-- TASK DETAILS --
Copy, without a single change, each line from the one that holds "18K Rose Gold Lab Diamond 3-Stone Pendant" to the bottom of the entries below, and drop any pictures.

++++ DATASET RECORDS ++++

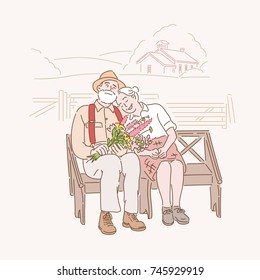 An elderly couple sitting on a bench in a rural village. hand drawn illustrations. vector doodle design 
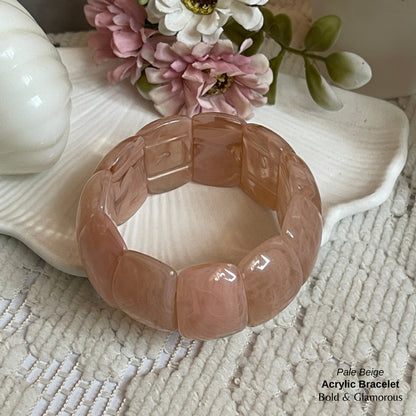Acrylic Cuff Bracelet | ACB02 | Pale Beige
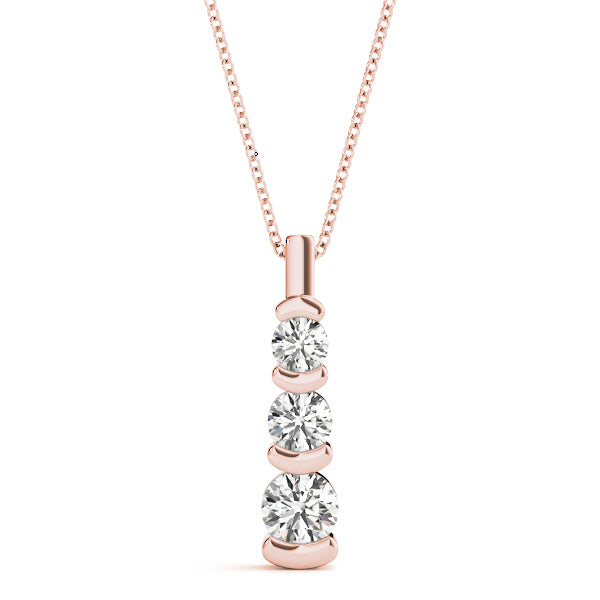 18K Rose Gold Lab Diamond 3-Stone Pendant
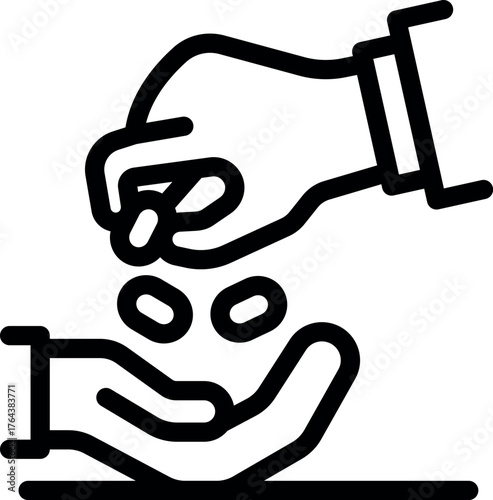 One hand dropping pills into another open hand, representing medicine, healthcare, and treatment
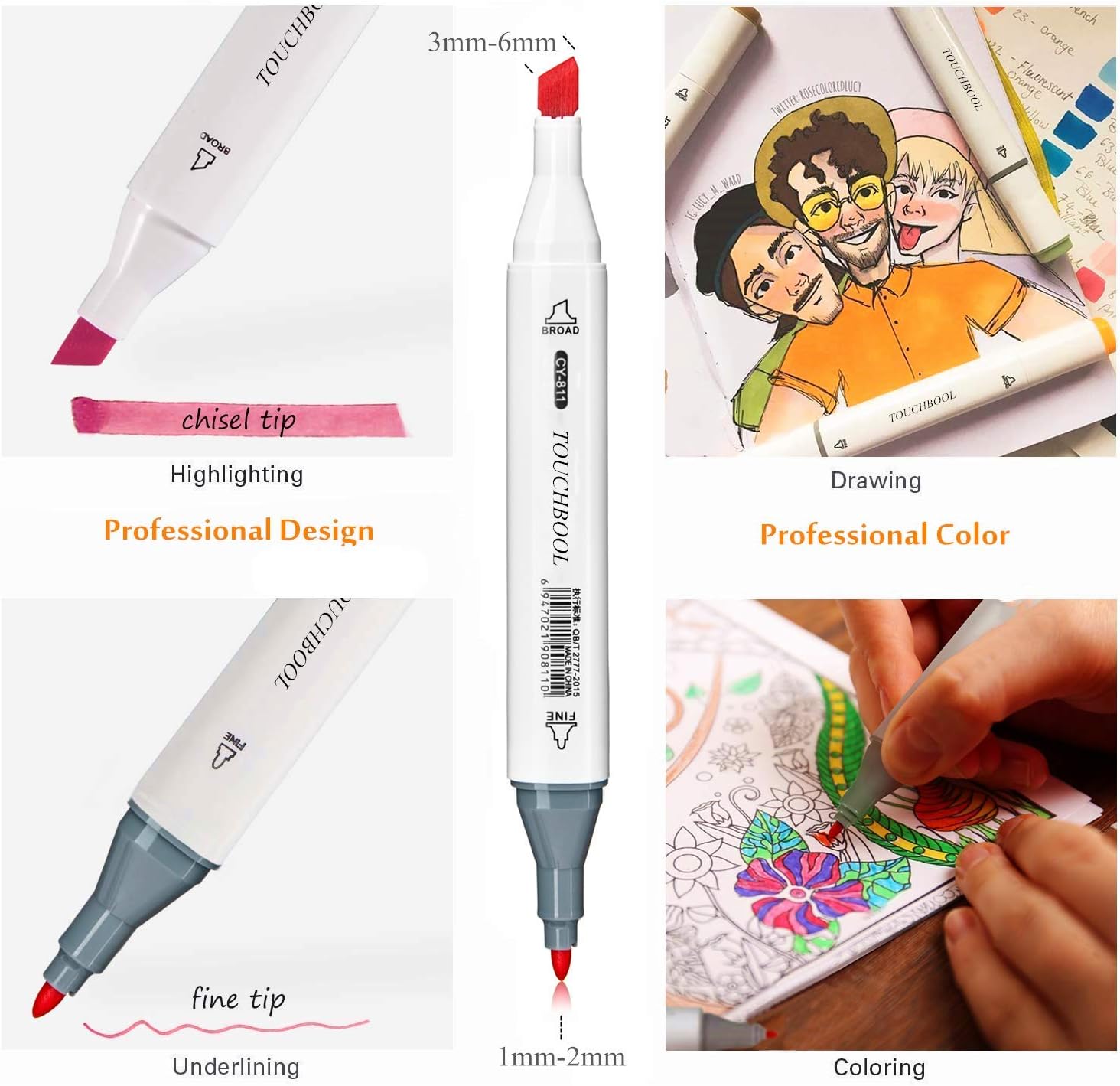 80 Colors Alcohol Markers Pen Set, Fany Artist Drawing Art Markers for Kids Adult Coloring Book Artist Dual Tip Markers Twin Permanent Markers Drawing Illustration (White Shell)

++++

-- PROBLEM SOLUTION --
 18K Rose Gold Lab Diamond 3-Stone Pendant
 One hand dropping pills into another open hand, representing medicine, healthcare, and treatment
 80 Colors Alcohol Markers Pen Set, Fany Artist Drawing Art Markers for Kids Adult Coloring Book Artist Dual Tip Markers Twin Permanent Markers Drawing Illustration (White Shell)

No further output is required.